In [7]:
import os
import numpy as np
import scipy as sp
import sklearn as sk
import pandas as pd
import operator
from operator import sub
from decimal import Decimal
from sklearn import preprocessing
import statistics
import seaborn as sb
from sklearn.cluster import KMeans
import matplotlib.pyplot as plt
import pybedtools
from pybedtools import BedTool

# For each gene, pick the one TL-seq peak that best matches

In [8]:
# I first read in the file produced by CAGEr with gene names associated
# This is based off of the concensus clusters from all samples

df = pd.read_csv('181130clusters_diff_exp_loose_with_genes.csv', sep='\t')
df = df.dropna('rows')
df = df.reset_index().drop('index', axis=1)
df = df[df['tpm'] > 4]


# to return only a single TSS per gene
# find instances in which at least one end of the peak is upstream of the gene's ORF 
# and pick the closest peak to the gene's start

# start by converting to a bed file in order to use bedtools

tlbed = pd.DataFrame(columns=['chr', 'start', 'end', 'name', 'score', 'strand'])

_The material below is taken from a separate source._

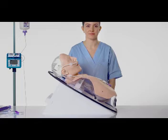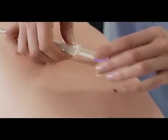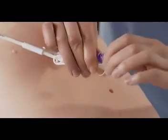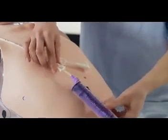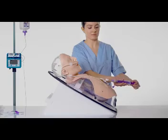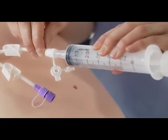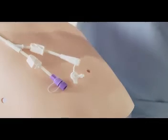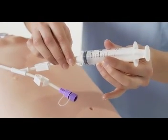Gastric residuals can also be aspirated with a syringe. Use either the enteral feeding lumen or drainage lumen according to the current protocol in your institution. To use the enteral feeding lumen, close the clamp on the feeding lumen and open the cap on the Enfit port. Connect the Enfit syringe, open the clamp and aspirate the gastric residuals. Syringes with a catheter tip of 60 millilitres or more connect to the drainage port. Syringes with a smaller catheter tip and aural syringes connect to the port integrated into the cap of the drainage connector.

tlbed['chr'] = df['coordinates'].str.split(':', expand=True)[0]
tlbed['start'] = (df['coordinates']
                      .str.split(':', expand=True)[1]
                      .str.split('-', expand=True)[0]) 
tlbed['start'] = tlbed['start'].astype(int)
tlbed['end'] = (df['coordinates']
                    .str.split(':', expand=True)[1]
                    .str.split('-', expand=True)[1])
tlbed['name'] = df['genes']
tlbed['score'] = 1
tlbed['strand'] = df['coordinates'].str.split(':', expand=True)[2]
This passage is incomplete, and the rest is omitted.